Hello everyone. Don't know why I'm posting this really, I think I'm just looking for reassurance that what I'm feeling is at least relatively normal and will eventually go away.
I've got a beautiful 2 week old daughter. She's not a "difficult" baby particularly (in my very limited experience) - she's got a lovely generally contented disposition, she cries but not endlessly, she loves cuddles and seems easily soothed most of the time. Evenings are challenging because she's v. wakeful and fractious - won't sleep but too restless to be happily awake either, and this is when she'll be most tearful and often quite distressed. But from what I've read, that isn't particularly out of the ordinary.
My problem is that I just feel very overwhelmed by everything to do with learning how to be a mum. I feel this enormous weight of responsibility for this new little person I've brought into the world. I'm worried all the time about whether I'm making the right decisions. I'm formula feeding (I had a breast reduction 2 years ago, I know BF is possible afterwards, but I was worried about milk supply and I've got long-standing issues with my breasts anyway) and I'm berating myself about not having at least tried breastfeeding and whether she'll get ill because of me.
I've also started to use a dummy to help settle her when she's tired but still restless - she'll root away for ages, even after a feed, and will grizzle and cry lots when she can't find something to put in her mouth. I've tried feeding her in case she's still hungry but she's not. I did a lot of reading on how a dummy can be really helpful for exactly these situations, so long as used carefully and not as an automatic response, but I never thought I'd use a dummy. I feel I'm taking the easy way out, that I should be reading her needs better and finding some other way of meeting them.

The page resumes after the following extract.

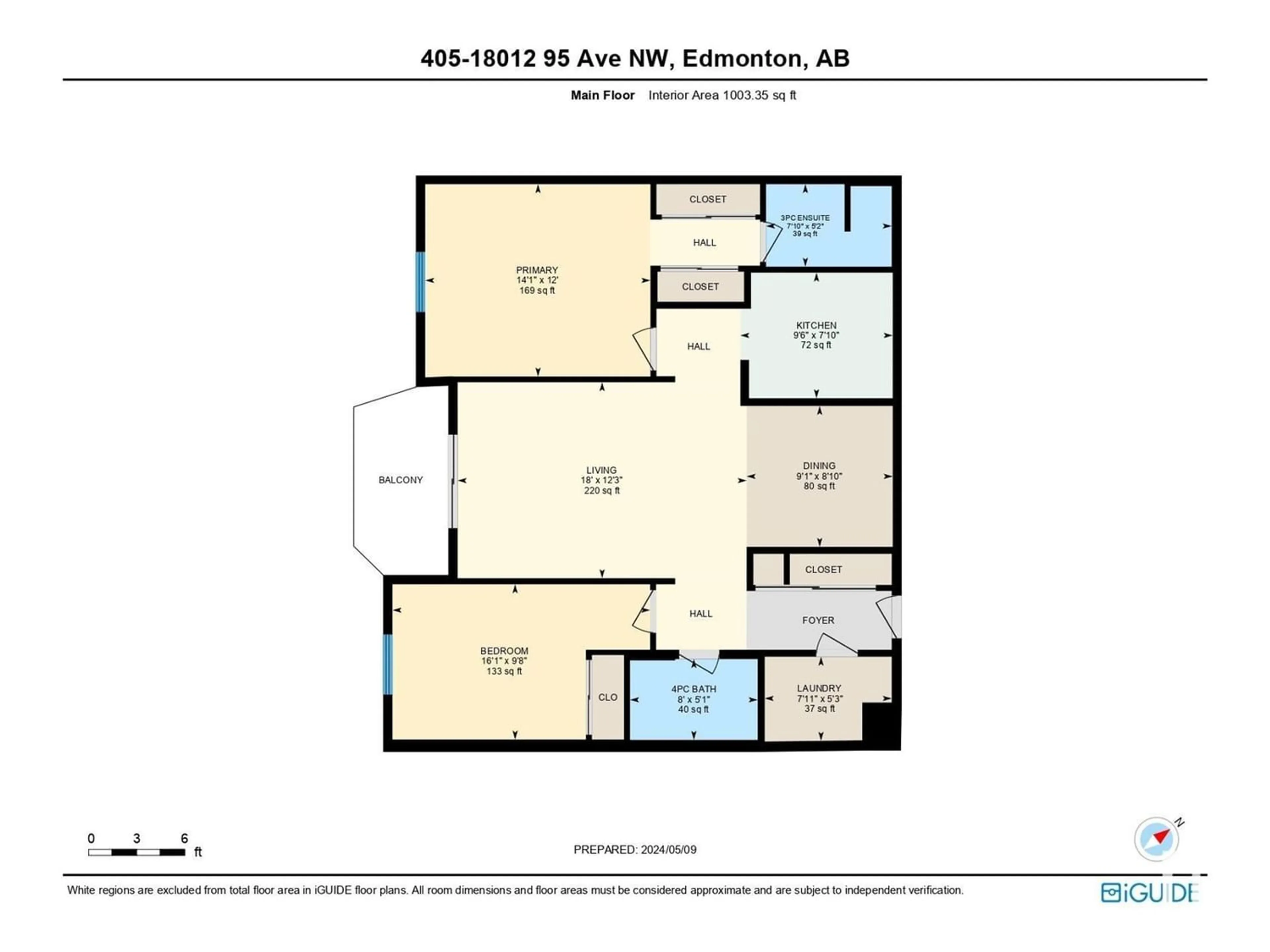 Floor plan for #405 18012 95 AV NW, Edmonton Alberta T5T5Z2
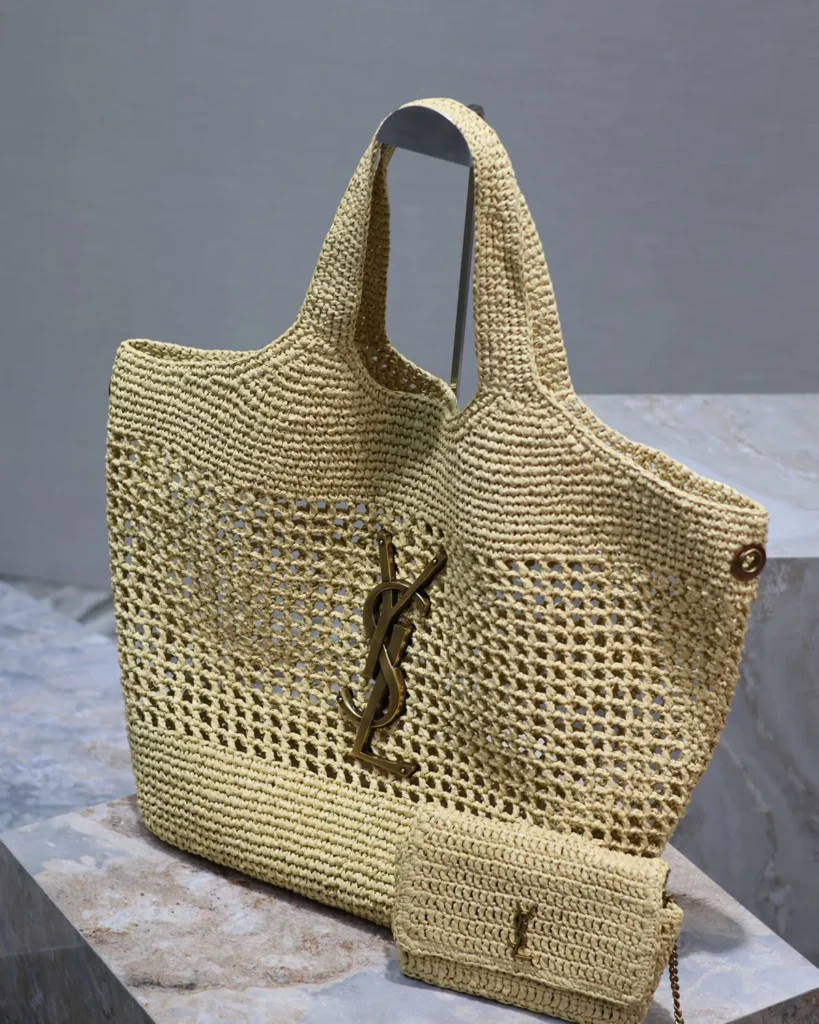 Natural-Tone Open-Weave Tote with Pouch — angled front view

Basically, in lots of ways I feel I'm letting my daughter down and I'm not meeting my own expectations of how I would be as a mum. I feel anxious a lot, and quite depressed especially in the evenings. In the mornings I feel really positive - today I took B (my daughter) on our first proper outing in the car to the supermarket, and it went fine, and I was really proud of myself afterwards. But as the day draws on I get more and more worried about what the evening will bring and how I'll cope. And this weekend my husband is going away for 3 days on a stag do (unavoidable, it's his brother's) and I don't know how I'll cope for all that time on my own.
I feel like I don't want to bang on about this to anyone RL (apart from my husband, who has tried to reassure me but I feel like he's just placating the nutter) because I don't want people worrying about me, and I'm a bit embarassed to be honest - I've heard of babies that never seem to sleep, that are always crying - I've been lucky by comparison so part of me feels like I'm being extra rubbish by feeling like this.
I just want this weird time to pass - I still feel very fumbling and inadequate, like I don't really know what I'm doing. It still takes me fricking ages to put a sleep suit on because I'm scared I'll break her fingers. I want to feel more confident and less on edge all the time. I don't think I'm seriously depressed but I am very emotionally raw and seem to spend a lot of time bawling my eyes out.
I dunno what I'm asking really. Just if anyone else has ever felt like this, and how you got through it - was it just time, or was there some kind of watershed moment?